À la Commission et à l’AEAPP, les sujets et les consultations sur les algorithmes et la fiabilité de l’intelligence artificielle font presque partie de notre quotidien désormais. Cependant, il faut faire attention à ne pas en faire de simples mots tendance, nous devons maintenir le lien avec la pratique professionnelle et le travail concret des actuaires. L’une des inquiétudes majeures de l’AAE est donc, par exemple, la responsabilité éthique pour les données : comment peut-on se démarquer ? Et à partir de quand est-ce que cela risque de devenir une source de discrimination ? Bien sûr, ce n’est pas notre objectif que certains groupes n’aient plus accès à l’assurance automobile mais si nous ne pouvons plus faire de différence entre les genres au moment de fixer les annuités, c’est tout simplement mauvais du point de vue de l’exposition au risque pure. Et que signifie la fiabilité de l’intelligence artificielle ? Au final, on en revient toujours aux algorithmes, à leur paramétrage, à la transparence et à la plausibilité de leurs résultats. Peu importe la formation des actuaires appartenant à notre profession, l’engagement à l’égard des normes professionnelles et éthiques est un véritable incontournable.

4. Comment les associations actuarielles devraient-elles réagir à cette évolution?

Du point de vue de l’AAE, il est clair que de nouvelles catégories d’affiliation voient le jour au fur et à mesure. L’association française en est un parfait exemple. En plus de la qualification actuarielle, une filière Science des données a été créée avec succès. En Allemagne, nous sommes allés plus loin dans la spécialisation en proposant des formations pour devenir Scientifique de données actuariel certifié. En tant qu’actuaires, nous devrions de plus en plus présenter notre profession dans les universités. Cependant, pour rester à la page, nous devons garder un œil sur d’autres sujets allant au-delà de la science des données.

5. Y a-t-il quelque chose que les futurs actuaires devraient garder à l’esprit pendant leur formation?

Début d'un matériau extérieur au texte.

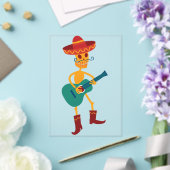 Festive Skeleton Guitar Player アクリル招待状 (インサイチュ (ウェディング))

Avant l’année 2000, la gestion d’actifs était le thème majeur pour les actuaires avec l’apparition du concept de « l’actuaire 3.0 ». La gestion des risques nous a amené à « l’actuaire 4.0 ». Aujourd'hui et grâce à la science des données, nous en sommes à « l’actuaire 5.0 ». Même si, comme je l’ai déjà mentionné, la mise en œuvre des méthodes de science des données est le dernier sujet d’actualité, le développement et la spécialisation au sein de notre profession ne va pas s’arrêter là. Les associations actuarielles européennes vont également étendre leur champ d’action.

Il est très important de faire face ouvertement aux évolutions actuelles. Mais, en tant qu’actuaires, nous devons nous concentrer sur ce qui nous rassemble au cœur de notre métier. Et ce sera toujours une solide base mathématique et l’utilisation de méthodes stochastiques et des statistiques dans un contexte économique.